***** Available records *****

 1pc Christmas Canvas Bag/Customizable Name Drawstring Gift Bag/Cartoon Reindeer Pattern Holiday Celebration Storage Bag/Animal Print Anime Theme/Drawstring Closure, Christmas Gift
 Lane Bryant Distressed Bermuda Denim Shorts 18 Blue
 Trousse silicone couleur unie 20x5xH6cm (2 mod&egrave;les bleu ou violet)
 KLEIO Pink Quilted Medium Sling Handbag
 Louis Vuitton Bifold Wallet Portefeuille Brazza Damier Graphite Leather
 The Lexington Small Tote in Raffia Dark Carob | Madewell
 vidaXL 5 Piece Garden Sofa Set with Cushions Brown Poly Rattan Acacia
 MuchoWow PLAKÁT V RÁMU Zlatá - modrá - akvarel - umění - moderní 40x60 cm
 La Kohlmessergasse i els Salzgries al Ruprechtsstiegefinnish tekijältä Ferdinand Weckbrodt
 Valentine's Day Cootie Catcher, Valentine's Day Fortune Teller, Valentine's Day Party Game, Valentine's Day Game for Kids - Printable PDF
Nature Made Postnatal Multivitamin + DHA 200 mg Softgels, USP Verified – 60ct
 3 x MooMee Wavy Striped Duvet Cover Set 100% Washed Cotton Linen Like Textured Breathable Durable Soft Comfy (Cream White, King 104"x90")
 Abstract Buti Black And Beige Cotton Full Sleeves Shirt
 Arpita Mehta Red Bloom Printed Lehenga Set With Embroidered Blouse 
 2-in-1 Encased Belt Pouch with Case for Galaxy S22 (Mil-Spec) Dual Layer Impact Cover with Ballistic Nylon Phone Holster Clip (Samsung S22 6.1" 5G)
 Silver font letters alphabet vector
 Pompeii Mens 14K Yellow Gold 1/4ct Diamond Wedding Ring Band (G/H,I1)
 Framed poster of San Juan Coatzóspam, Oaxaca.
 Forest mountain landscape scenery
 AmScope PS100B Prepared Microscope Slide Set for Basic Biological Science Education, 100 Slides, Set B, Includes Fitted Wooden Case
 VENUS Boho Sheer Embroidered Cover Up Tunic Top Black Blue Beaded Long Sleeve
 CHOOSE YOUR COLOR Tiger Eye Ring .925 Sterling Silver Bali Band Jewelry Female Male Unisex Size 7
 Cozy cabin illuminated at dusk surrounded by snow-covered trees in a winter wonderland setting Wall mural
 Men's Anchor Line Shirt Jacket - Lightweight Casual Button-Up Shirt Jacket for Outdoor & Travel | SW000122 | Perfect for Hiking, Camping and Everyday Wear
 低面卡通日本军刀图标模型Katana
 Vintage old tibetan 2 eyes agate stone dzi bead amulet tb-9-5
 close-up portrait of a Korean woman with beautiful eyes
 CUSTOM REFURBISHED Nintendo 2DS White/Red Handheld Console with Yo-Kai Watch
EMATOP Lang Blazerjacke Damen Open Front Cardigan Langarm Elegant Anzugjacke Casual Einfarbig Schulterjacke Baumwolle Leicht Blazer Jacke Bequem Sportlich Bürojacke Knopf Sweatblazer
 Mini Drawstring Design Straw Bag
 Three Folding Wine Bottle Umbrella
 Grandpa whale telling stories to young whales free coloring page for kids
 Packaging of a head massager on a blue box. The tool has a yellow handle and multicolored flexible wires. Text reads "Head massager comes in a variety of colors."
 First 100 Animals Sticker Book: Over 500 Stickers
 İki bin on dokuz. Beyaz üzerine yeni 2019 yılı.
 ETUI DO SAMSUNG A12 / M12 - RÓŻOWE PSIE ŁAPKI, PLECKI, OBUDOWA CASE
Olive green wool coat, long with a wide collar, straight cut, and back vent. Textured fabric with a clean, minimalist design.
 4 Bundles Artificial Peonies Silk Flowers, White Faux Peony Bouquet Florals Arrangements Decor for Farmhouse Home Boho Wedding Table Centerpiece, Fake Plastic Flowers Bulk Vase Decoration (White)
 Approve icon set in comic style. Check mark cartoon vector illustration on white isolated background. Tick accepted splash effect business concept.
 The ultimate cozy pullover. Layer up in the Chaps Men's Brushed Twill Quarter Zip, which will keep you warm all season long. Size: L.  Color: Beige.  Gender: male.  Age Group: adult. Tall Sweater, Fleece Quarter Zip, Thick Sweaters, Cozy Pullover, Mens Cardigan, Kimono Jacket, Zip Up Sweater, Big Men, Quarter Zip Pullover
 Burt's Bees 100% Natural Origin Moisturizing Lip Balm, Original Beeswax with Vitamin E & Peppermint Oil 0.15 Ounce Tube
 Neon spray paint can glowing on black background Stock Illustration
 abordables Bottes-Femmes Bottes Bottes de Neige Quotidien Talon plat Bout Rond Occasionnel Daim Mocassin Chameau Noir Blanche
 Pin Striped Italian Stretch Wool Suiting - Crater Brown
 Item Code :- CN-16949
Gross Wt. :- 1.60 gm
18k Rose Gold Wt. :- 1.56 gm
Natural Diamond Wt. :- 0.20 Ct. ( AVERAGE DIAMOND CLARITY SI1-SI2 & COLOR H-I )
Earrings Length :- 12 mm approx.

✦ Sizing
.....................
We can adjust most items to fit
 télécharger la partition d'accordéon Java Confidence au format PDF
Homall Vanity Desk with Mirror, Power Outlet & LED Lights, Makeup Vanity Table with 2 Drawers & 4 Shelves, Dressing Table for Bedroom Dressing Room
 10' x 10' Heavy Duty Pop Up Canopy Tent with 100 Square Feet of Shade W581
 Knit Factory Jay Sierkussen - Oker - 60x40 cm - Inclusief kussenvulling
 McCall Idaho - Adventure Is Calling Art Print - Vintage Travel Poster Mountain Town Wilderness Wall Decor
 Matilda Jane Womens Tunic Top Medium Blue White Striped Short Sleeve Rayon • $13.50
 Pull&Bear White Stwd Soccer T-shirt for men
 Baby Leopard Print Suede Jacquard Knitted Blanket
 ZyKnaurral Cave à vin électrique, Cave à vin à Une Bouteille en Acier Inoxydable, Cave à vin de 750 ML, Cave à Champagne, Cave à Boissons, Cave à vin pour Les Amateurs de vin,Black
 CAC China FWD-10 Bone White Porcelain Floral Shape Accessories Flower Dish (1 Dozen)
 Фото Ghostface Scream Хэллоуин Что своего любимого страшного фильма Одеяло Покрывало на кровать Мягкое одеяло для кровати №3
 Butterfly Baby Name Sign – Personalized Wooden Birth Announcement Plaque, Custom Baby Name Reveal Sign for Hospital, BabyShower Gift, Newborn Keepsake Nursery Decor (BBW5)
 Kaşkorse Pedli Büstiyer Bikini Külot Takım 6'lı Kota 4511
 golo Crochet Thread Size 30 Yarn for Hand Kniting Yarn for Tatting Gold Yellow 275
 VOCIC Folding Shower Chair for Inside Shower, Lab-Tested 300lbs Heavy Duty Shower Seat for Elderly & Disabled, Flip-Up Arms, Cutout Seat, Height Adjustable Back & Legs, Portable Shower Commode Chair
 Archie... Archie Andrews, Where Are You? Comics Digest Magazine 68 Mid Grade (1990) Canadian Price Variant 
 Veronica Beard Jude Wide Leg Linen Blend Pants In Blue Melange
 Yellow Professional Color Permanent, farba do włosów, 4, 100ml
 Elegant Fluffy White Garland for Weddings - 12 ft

*****

■ **The task**
In the records above, find the line containing "Lane Bryant Distressed" and restate word for word every line from the first through that one.

■ **Answer**
 1pc Christmas Canvas Bag/Customizable Name Drawstring Gift Bag/Cartoon Reindeer Pattern Holiday Celebration Storage Bag/Animal Print Anime Theme/Drawstring Closure, Christmas Gift
 Lane Bryant Distressed Bermuda Denim Shorts 18 Blue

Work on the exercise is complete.